子どもたちに,次の問題を提示します。
「ロボットABCがあります。1番速く歩けるのは,どのロボットでしょう」
子どもからは,「ABCのロボットの表を見せて欲しい」「グラフでもいいから見せて欲しい」と声があがります。そこで,ロボットBCの2体の歩く速さが表示されたグラフを提示します。このグラフから,次の声があがります。
「これならBとCは,比べられる」
「見たら分かるから,計算はいらない」(H子)
H子の声の意味を,読解していきます。
「5秒のところを見たら,Bは15㎝進み,Cは10㎝進んでいるからBが速いと分かる」
「だから,Aも5秒が分かれば決まるよ」
グラフのデータを読解することで,計算をしなくても歩くのが速いロボットを判定することができることが見えてきました。そうなると,子どもから「Aの5秒のデータを教えて欲しい」と声があがります。しかし,そのままそのデータを与えてはおもしろくありません。そこで,次のように投げかけます。
「Aは3秒で7.5㎝でした」
3秒のデータのみを提示します。
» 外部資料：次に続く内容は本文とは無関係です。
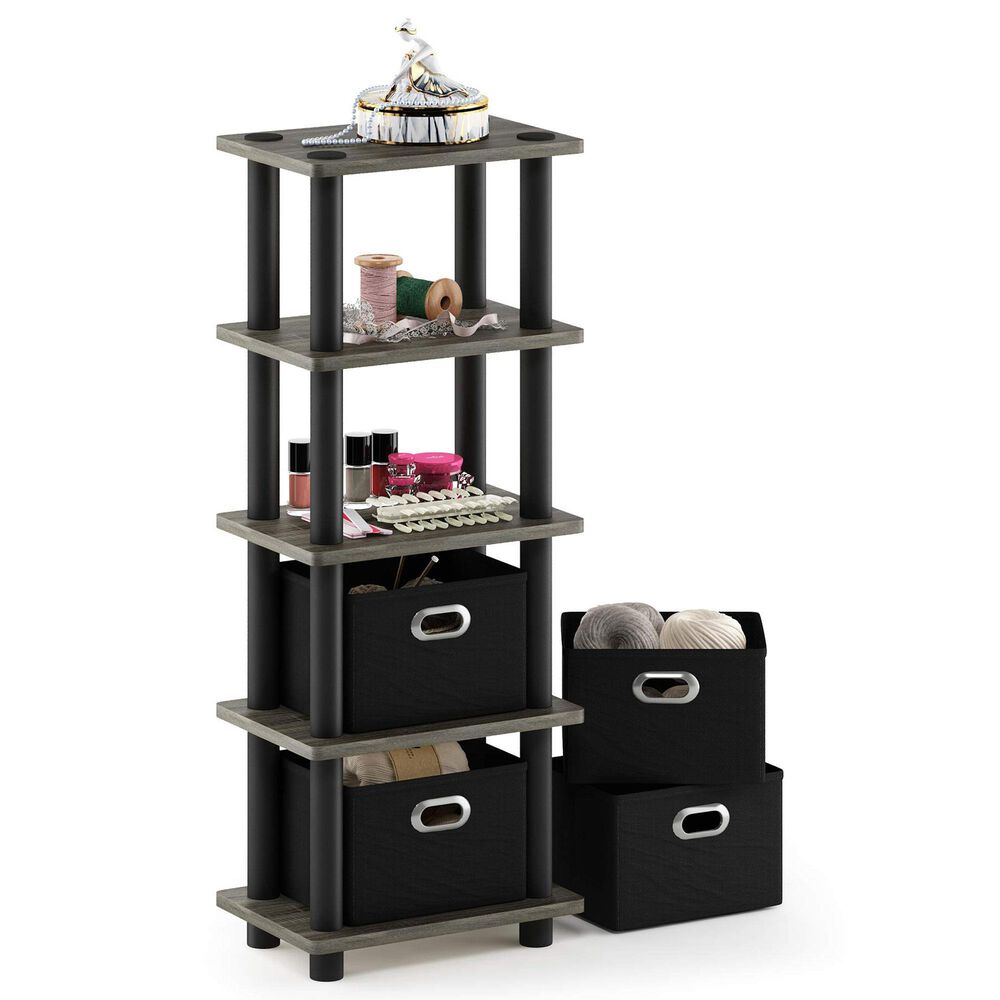 HOMLUX 5-Tier Tall Corner Open Bookshelf with 4 Storage Bins in French Oak Grey and Black, , large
これに対して,子どもたちは次のように話し合いを進めます。
「これで1秒当たりが分かる」
「7.5÷3で2.5㎝」
「だから,決まった数は2.5ということになる。文字式でいうと,y=2.5×xになる」
「5秒のときは,2.5×5で12.5㎝と計算ができるね」
「だからBが一番速いことが分かるね」
Aのデータを提示したことで,子どもからは文字式にデータを一般化するアイディアが生まれてきました。そこで,BやCのロボットも文字式に置き換えてみました。
さて,この一連の活動の中で「でも,このロボット歩くのが遅すぎないか?」という声が子どもからあがります。最速のBでも,5秒で15㎝です。確かに遅すぎる気がします。
そこで,子どもは5秒間でどれくらい歩けるのかを実験しました。代表の子どもが歩きます。結果は,5秒で478㎝でした。文字式では,y=95.8×xとなりました。その後,Bロボットの速さも子どもたちは体験してみました。人とロボットとのあまりの差に,次の声があがります。
「ロボットは遅すぎる!」
「わかった!きっとロボットは小さいんだ」
「それなら少ししか進めない」
ロボットの大きさが自分の身長と同じだと考える前提条件を,子どもたちは疑い始めたのです。提示されたデータを鵜呑みにするのではなく,批判的に見ていくことも大切な視点ですね。
この授業は「板書で見る全単元・全授業のすべて算数6年下」(東洋館出版社)の教材を活用して展開しました。